(Records drawn from a dataset)
· · ·

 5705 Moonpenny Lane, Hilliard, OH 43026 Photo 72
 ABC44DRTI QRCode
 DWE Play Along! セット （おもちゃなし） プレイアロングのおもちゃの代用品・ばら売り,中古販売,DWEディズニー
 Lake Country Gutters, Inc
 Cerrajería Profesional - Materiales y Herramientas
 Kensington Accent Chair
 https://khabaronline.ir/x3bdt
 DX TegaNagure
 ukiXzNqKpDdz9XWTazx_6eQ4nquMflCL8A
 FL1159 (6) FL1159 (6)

· · ·

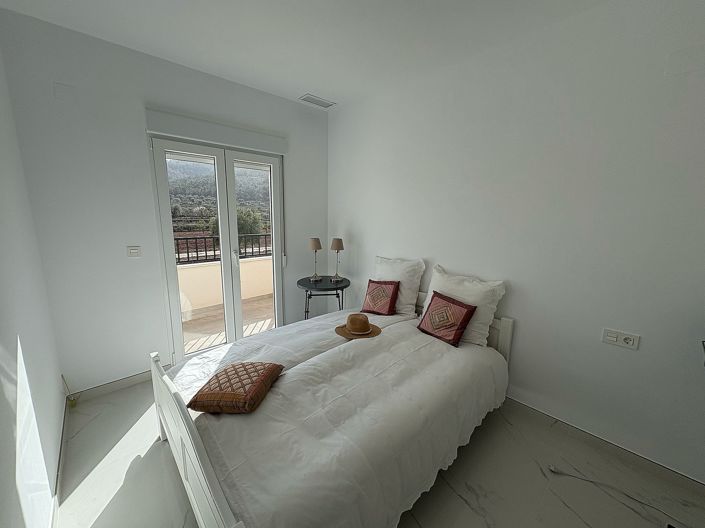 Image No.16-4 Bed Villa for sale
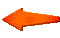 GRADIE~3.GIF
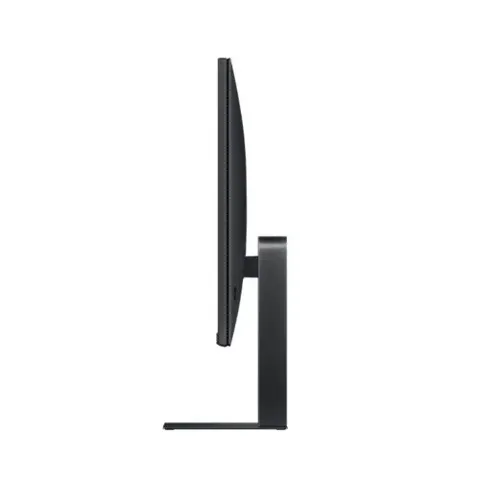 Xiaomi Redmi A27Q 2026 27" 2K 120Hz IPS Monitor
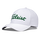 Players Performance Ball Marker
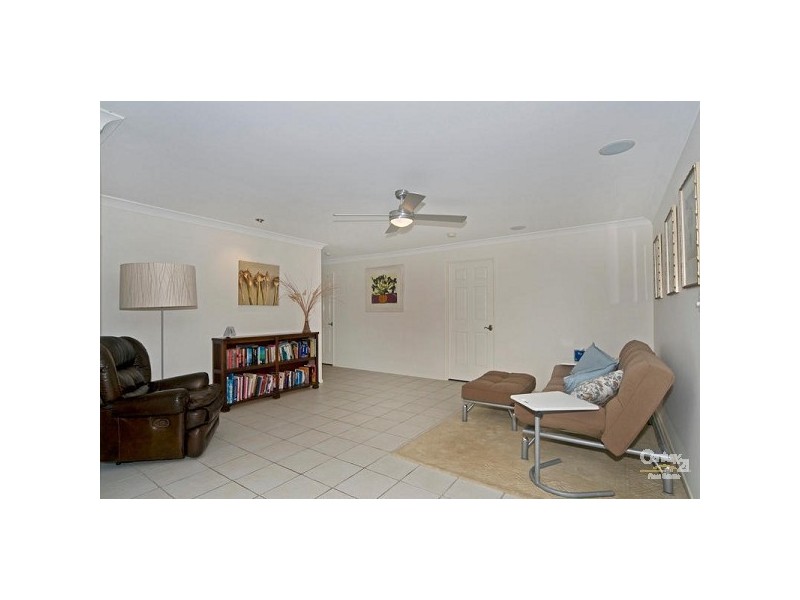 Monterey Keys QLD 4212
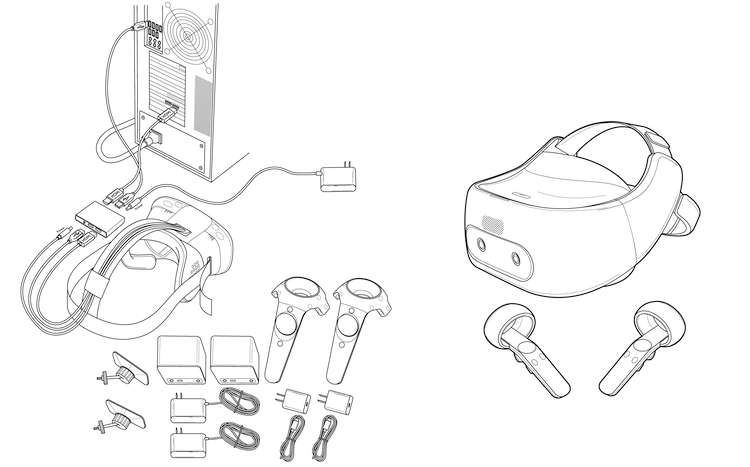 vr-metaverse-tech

· · ·

**Work to complete:**
There is a run of lines above from the one with "5705 Moonpenny Lane, Hilliard, OH" to the one with "FL1159 (6) FL1159 (6)"; print exactly that run, both ends included, and nothing else.

**Solved exercise:**
 5705 Moonpenny Lane, Hilliard, OH 43026 Photo 72
 ABC44DRTI QRCode
 DWE Play Along! セット （おもちゃなし） プレイアロングのおもちゃの代用品・ばら売り,中古販売,DWEディズニー
 Lake Country Gutters, Inc
 Cerrajería Profesional - Materiales y Herramientas
 Kensington Accent Chair
 https://khabaronline.ir/x3bdt
 DX TegaNagure
 ukiXzNqKpDdz9XWTazx_6eQ4nquMflCL8A
 FL1159 (6) FL1159 (6)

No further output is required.